Friday 28 December 2012

Tuesday 18 December 2012

CHRISTMAS CHEER


This  came in today from Richard Faisey


''Two weeks ago I took some pictures of a yearly gift happening. This local group collect shoe boxes and other bags filled with goods and other useful items to send abroad for Christmas....''


And I thought of Tiny Tim in 'A Christmas Carol':    GOD BLESS US, EVERYONE




photos by Richard Faisey






Thursday 6 December 2012

REMAINS OF THE DEAD....

My new e-book, 'Remains of the Dead' was published yesterday by Endeavour Press. Here's the link:

http://www.amazon.co.uk/Remains-of-the-Dead-ebook/dp/B00AHVFYR6/ref=dp_return_1?ie=UTF8&n=341677031&s=digital-text

Readers of my blogs may know that I write psychological thrillers involving the dead  (victims of murder, victims of social neglect, sudden heart attacks, dramatic suicides). They are commercial but serious in tone - at least that was my intention when I wrote them. I'm now flattered to see my new publishers  comparing me with the the likes of Patricia Cornwell and Kathy Reichs.

All my novels are set in London, where I lived and worked for nearly twenty years and which continues to inspire me every time I go up there, which is often, because  I always find something new to discover about life in the metropolis. London is the focus of my inspiration and Cornwall is my writing base. I would find it difficult to write stories about Cornwall because it has never presented me with any dramatic tensions - apart from hospital treatments.
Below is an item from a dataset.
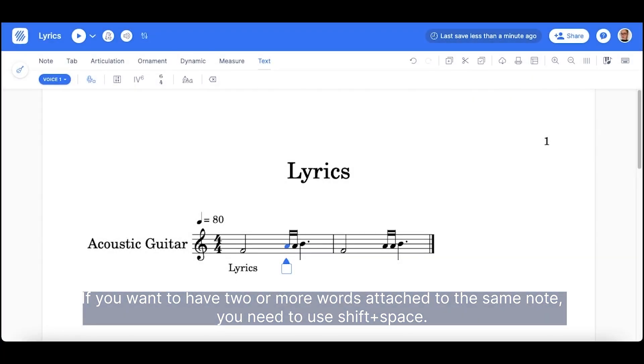If you want to have two or more words attached to the same note, you need to use Shift and Space.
That said, I had a street encounter here on the Celtic fringe  as I was walking home from Truro city centre the other day.  Heading towards me as I struggled with my carrier bags
were two people whom I can only describe as characters from the Jeremy Kyle Show (she sporting  Ugg boots and leggings, scraped back pony tail,  large hooped ear-rings and lighting a fag; he in cheap trainers and  hoodie pulled up over his head). As I passed them, feeling benign as I always do after a sortie in the fresh air, the male character sort of hooted in my face and shouted something, the only discernible word being 'fucking'. I carried on walking but after a few steps turned round  to find him gazing back at me. 'Chav', I said, quietly but clearly and walked on, wondering if he'd chase me and wrestle me to the ground. Then I wondered, as I always do with street encounters, what the story was behind the pair.

They weren't working, obviously, or going to work, but she could afford £6 for a packet of cigarettes (I am so glad I  quit smoking eighteen years ago because I couldn't afford £45 a week for twenty cigs a day). They were coming from the direction of Trelander,  a large concrete council estate on the valley slopes, built in the sixties to house incoming workers in the power industry - or so I was told by an old Truro native. This housing provision could be compared with the early Victorian stuccoed terraces in Primrose Hill, one of which I used to inhabit in a tiny rented flatlet. These bijou London homes were built for railway workers on the new Euston mainline. The difference is that Primrose Hill has long since been gentrified and celebrity-fied, while Trelander has deteriorated into a no-go enclave for no-hopers.

But why do under-educated no-hopers whose only ambition in life is to appear on the Jeremy Kyle Show to kill the endless hours of boredom they must encounter have to be obnoxious? Big Issue sellers, of which there are several in Truro in this era of homelessness,  are resourceful and polite and - if I'm not putting too romantic a spin on it - purposeful. People without purpose other than to 'drink and eat and screw' as Jarvis Cocker put it in his song 'Common People' (memorably spoofed on YouTube with Cameron and Co lookalikes), are just menaces.  The French word, menacer,  means to threaten and this obnoxious behaviour threatens us all. No amount of cuts and checks and Big Society rhetoric is going to fix it. Love-bombing with benefits and other hand-outs hasn't worked for social pariahs  like this pair. I hate to find myself  saying so,  but a spell of national service - military or civil l(a German boyfriend I had did his civil/national service in a mortuary, inspiring some of my material for 'Remains of the Dead'... ) might be a  base-line solution. My granddad, an indentured joiner who served his apprenticeship just after World War I, would have called the pair 'ignorant', which is exactly what they are, although, unlike my granddad, they were offered a free education until they were sixteen followed by a swift transition to an idle and purposeless life as as a menace. What is to be done? as the Bolsheviks would say.